Replies are listed 'Best First'.
Re: Get Unassigned drive average
by BrowserUk (Patriarch) on Dec 30, 2005 at 14:20 UTC

    Something like this?

    #! perl -slw use strict; $/ = 'Drive'; while( <DATA> ) { print "$1 : $2" if m[(Tray .*?)\nRaw capacity: (.*?)\n.*Unassigned +]s; } __DATA__ Drive at Tray 0, Slot 1 Raw capacity: 68.366 GB Usable capacity: 67.866 GB Current data rate: 2 Gbps Product ID: ST373453FC Mode: Assigned Drive at Tray 0, Slot 2 Raw capacity: 68.366 GB Usable capacity: 67.866 GB Current data rate: 2 Gbps Product ID: ST373453FC Mode: Unassigned Drive at Tray 0, Slot 3 Raw capacity: 68.366 GB Usable capacity: 67.866 GB Current data rate: 2 Gbps Product ID: ST373453FC Mode: Assigned Drive at Tray 0, Slot 4 Raw capacity: 68.366 GB Usable capacity: 67.866 GB Current data rate: 2 Gbps Product ID: ST373453FC Mode: Unassigned Drive at Tray 0, Slot 5 Raw capacity: 68.366 GB Usable capacity: 67.866 GB Current data rate: 2 Gbps Product ID: ST373453FC Mode: Assigned

    Output

    P:\test>junk3 Tray 0, Slot 2 : 68.366 GB Tray 0, Slot 4 : 68.366 GB

    Examine what is said, not who speaks -- Silence betokens consent -- Love the truth but pardon error.
    Lingua non convalesco, consenesco et abolesco. -- Rule 1 has a caveat! -- Who broke the cabal?
    "Science is about questioning the status quo.
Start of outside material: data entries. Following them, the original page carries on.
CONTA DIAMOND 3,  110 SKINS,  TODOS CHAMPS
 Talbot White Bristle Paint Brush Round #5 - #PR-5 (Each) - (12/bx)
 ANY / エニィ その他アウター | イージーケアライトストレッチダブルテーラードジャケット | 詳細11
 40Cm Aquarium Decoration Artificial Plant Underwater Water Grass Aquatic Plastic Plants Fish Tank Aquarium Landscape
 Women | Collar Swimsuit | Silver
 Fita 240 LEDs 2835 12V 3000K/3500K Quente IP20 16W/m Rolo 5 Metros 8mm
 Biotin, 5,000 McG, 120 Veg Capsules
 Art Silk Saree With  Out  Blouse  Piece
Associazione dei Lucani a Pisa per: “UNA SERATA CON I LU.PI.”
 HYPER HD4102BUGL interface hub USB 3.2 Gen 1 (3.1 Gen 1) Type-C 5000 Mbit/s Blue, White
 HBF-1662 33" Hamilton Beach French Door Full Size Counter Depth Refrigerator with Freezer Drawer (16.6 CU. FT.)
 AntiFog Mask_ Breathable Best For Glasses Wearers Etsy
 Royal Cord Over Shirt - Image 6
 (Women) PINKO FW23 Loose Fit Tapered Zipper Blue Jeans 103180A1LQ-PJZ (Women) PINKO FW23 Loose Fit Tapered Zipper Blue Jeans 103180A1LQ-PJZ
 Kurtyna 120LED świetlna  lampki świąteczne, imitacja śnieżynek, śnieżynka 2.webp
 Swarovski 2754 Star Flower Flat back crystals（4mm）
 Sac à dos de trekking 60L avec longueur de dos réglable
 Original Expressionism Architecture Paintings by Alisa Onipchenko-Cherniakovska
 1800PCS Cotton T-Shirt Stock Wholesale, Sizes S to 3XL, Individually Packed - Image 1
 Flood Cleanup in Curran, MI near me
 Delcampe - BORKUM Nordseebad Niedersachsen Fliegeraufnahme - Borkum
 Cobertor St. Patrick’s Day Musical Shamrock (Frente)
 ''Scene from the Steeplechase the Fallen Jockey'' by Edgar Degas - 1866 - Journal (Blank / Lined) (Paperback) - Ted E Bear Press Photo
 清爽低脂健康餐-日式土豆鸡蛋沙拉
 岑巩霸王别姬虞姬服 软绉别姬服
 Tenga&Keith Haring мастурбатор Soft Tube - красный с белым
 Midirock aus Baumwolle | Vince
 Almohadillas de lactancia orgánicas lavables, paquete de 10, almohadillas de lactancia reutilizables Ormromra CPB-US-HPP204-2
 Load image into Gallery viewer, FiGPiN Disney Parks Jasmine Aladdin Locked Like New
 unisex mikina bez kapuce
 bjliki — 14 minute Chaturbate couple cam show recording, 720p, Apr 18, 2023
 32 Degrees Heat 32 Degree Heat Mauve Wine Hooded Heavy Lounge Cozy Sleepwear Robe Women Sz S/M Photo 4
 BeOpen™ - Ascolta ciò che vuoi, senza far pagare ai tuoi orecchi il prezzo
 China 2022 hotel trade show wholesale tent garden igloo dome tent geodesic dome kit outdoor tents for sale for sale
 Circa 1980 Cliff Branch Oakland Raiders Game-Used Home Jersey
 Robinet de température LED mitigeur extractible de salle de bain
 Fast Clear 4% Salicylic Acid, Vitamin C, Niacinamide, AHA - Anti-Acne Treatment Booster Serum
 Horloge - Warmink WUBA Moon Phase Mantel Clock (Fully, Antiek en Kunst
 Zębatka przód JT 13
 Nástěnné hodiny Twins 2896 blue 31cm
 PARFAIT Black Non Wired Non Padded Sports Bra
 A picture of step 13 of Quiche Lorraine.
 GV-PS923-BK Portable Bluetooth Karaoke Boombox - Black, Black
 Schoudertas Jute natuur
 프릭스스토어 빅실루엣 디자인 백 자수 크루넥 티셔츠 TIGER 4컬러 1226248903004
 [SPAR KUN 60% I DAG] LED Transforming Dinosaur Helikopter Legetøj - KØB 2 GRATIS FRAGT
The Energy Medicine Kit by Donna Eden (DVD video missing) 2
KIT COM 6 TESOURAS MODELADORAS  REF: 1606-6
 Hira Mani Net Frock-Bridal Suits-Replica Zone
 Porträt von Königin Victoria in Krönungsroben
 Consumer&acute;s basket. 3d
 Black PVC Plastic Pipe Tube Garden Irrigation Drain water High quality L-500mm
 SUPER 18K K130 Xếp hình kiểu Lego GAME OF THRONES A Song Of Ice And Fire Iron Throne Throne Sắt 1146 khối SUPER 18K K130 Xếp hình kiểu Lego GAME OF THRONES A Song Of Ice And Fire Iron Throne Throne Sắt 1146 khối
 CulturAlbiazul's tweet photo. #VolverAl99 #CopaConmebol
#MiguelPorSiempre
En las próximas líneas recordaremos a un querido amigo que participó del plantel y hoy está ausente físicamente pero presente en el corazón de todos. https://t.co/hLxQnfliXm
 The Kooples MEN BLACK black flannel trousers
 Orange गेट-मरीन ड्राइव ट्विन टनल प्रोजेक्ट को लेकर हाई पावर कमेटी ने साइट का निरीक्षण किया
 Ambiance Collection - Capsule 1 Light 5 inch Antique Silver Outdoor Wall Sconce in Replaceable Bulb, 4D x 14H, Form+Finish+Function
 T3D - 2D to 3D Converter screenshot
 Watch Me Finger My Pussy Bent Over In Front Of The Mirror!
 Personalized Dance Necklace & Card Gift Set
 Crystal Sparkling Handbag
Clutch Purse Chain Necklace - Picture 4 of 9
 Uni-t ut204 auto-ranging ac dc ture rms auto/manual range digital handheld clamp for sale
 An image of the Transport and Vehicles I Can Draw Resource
Questioning authority".
    In the absence of evidence, opinion is indistinguishable from prejudice.
Re: Get Unassigned drive average
by TedPride (Priest) on Dec 30, 2005 at 19:48 UTC
    Yes, but what if the format turns out to not be exactly the same as shown? It's safer to record every raw capacity in turn, then if you run across Unassigned, add the raw capacity to the total:
    use strict; use warnings; my ($raw, $capacity, $unassigned); while (<DATA>) { $raw = $1 if m/Raw capacity: (\d+\.\d+) GB/; if (m/Mode: Unassigned/) { $capacity += $raw; $unassigned++; } } print int ($capacity / $unassigned * 1000 + .5) / 1000; __DATA__ Drive at Tray 0, Slot 5 Raw capacity: 68.366 GB Usable capacity: 67.866 GB Current data rate: 2 Gbps Product ID: ST373453FC Mode: Unassigned Drive at Tray 0, Slot 5 Raw capacity: 48.366 GB Usable capacity: 67.866 GB Current data rate: 2 Gbps Product ID: ST373453FC Mode: Assigned Drive at Tray 0, Slot 5 Raw capacity: 88.366 GB Usable capacity: 67.866 GB Current data rate: 2 Gbps Product ID: ST373453FC Mode: Unassigned

      I'm not quite sure why the output from the utility producing this file would suddenly start to vary, but you have a point about resilience.

      However, your code provides very little (if an) extra resilience to mine, and exposes several extra weaknesses:

      1. If a record has the 'Unassigned' line, but no 'Raw capacity' line, then you will wrongly use the capacity from the preceding record.
      2. If the record correctly has both the required lines, but they are in reverse order, you would again wrongly use the preceding records capacity.
      3. You've an extra dependency that string 'Mode: Unassigned' be present, formatted exactly as specified, and correctly spelt.
      4. You've added the constraint that the drive capacity be specified with at least one decimal place on the figure, and that it be reported in GB.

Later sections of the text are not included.